Table 6 Costs analysis of lentil and durum wheat production with the compost (COMP) and commercial organic fertilizer (COF) application

Overall, this synthetic cost-benefit analysis showed that the compost application may also furnish economic benefit and this could be considered a further reason to encourage these agronomic practices in cropping systems, particularly in the farms organically managed.

Conclusions

Agriculture should meet the twin challenge of feeding a growing population and simultaneously minimizing its environmental impact. In Mediterranean environment, where cereals are extensively cultivated, the legume cultivation, breaking the wheat monoculture, and the compost fertilization could be profitable practices not only to sustain the crop yields and product quality but also to maintain and/or improve soil fertility. The results of this mid-term research showed that the compost, applied at low doses (3.2 and 4.7 t ha−1) and not as amendment, compared to the organic commercial fertilizer, did not decrease lentil and wheat yield. A multiyear comparison, involving other treatments under conventional and conservative regime, confirmed the positive effect of compost on durum wheat yield.

At the end of the experiment, after 4 years of repeated applications, the compost increased significantly soil organic carbon content compared to the organic commercial fertilizers.

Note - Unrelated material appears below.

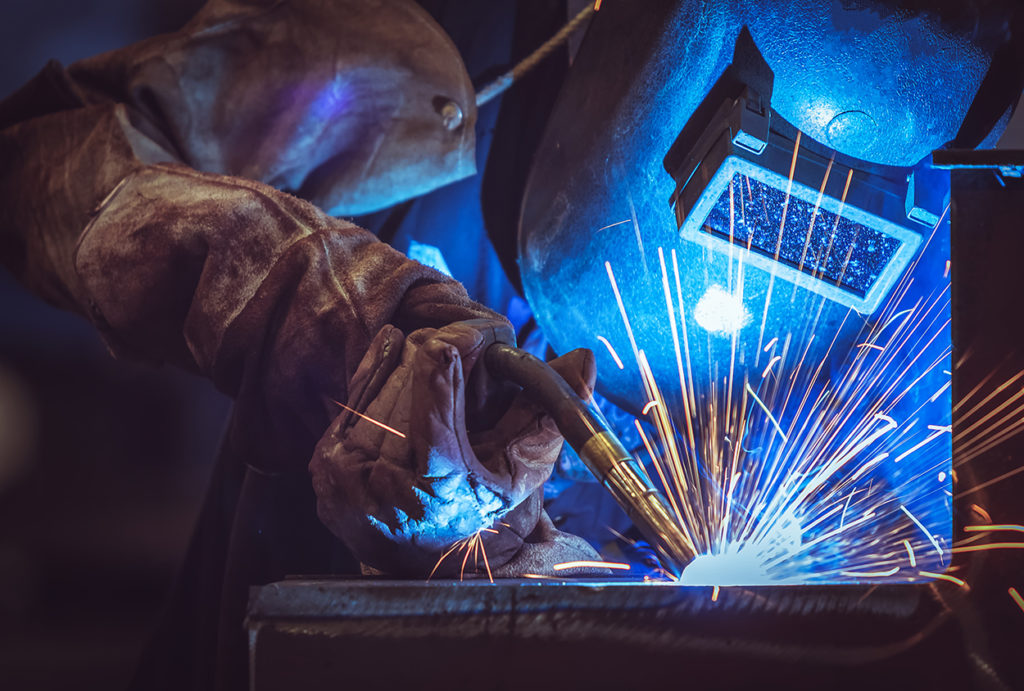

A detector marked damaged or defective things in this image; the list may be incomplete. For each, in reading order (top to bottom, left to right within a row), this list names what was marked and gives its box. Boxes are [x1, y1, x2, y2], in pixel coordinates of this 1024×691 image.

Conversely, the biostimulant did not show any significant effect on soil properties. Moreover, the biostimulant was not effective for both crops, in fact yield did not show any improvement, except for weight of 1000 seeds of wheat, and, when added to compost, for straw yield of lentil. Therefore, in experimental conditions, the addition of biostimulant to organic fertilizers (compost and commercial one) could have negligible benefits on crop response and soil properties.

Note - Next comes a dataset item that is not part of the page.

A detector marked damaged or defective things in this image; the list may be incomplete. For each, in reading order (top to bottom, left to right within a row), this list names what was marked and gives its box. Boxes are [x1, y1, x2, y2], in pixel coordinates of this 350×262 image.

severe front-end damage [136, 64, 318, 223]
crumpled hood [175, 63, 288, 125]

Finally, a synthetic cost evaluation related to the purchase and application of the compost and commercial organic fertilizers highlighted higher economic benefit of compost when applied to the wheat crop.

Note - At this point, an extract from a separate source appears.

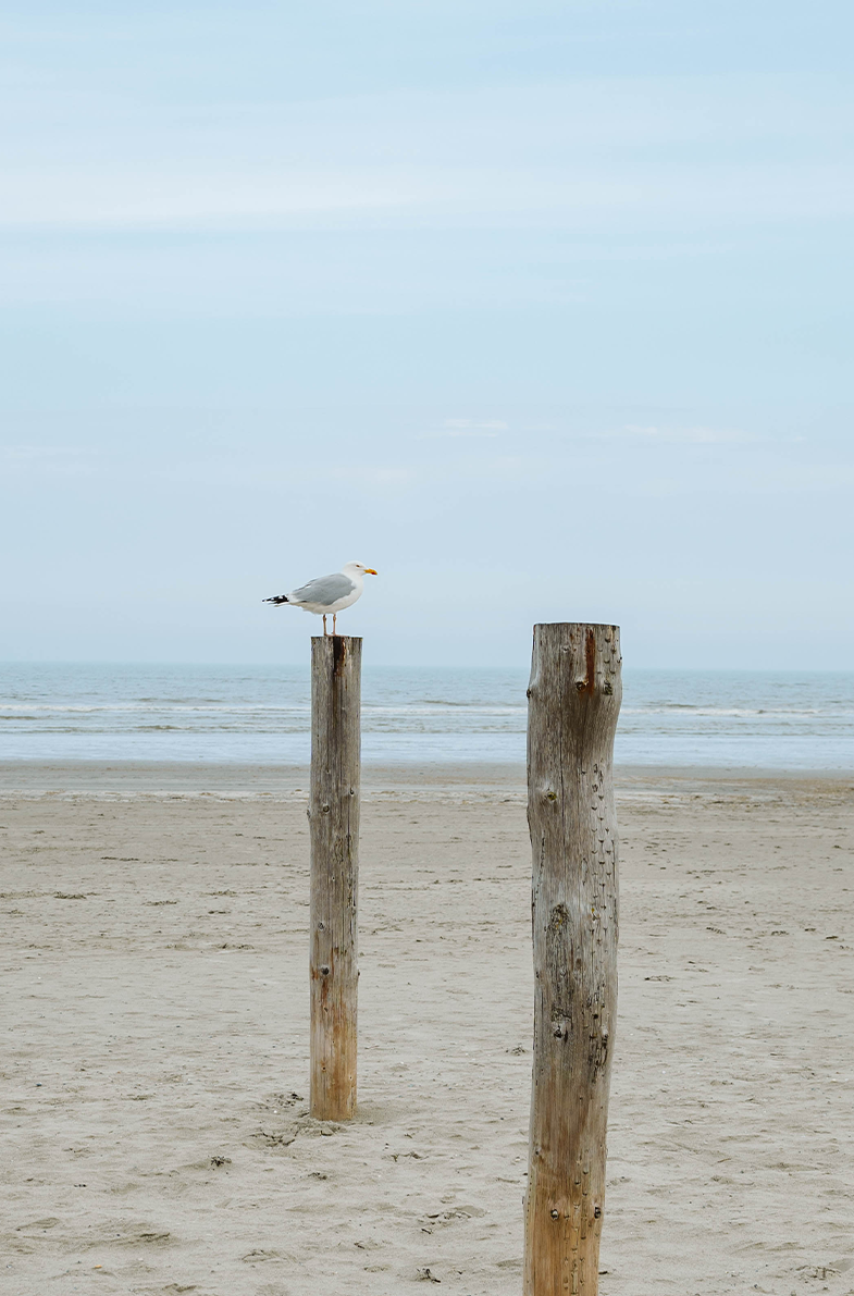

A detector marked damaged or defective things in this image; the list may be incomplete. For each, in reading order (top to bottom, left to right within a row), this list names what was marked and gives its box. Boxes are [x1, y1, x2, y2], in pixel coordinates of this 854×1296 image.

broken wooden post [308, 632, 362, 1120]
broken wooden post [524, 624, 624, 1288]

Overall, this mid-term study highlighted that the organic management, adopting a crop rotation of lentil/wheat and compost as the only source of plant nutrients, could have a positive impact on farming productivity and profitability as well as on soil fertility. In any case, since the fertilization is a vital agronomic practice, the compost, obtained by several kinds of wastes and characterized by high organic matter levels and valuable nutrients, should be put to good use of managed properly in order to improve the plant nutrition status during the growth seasons without any risks for environment. Moreover, further studies should be carried out to better understand the role of biostimulant in the regulating soil nutrient mineralization and availability in order to optimize the organic management systems.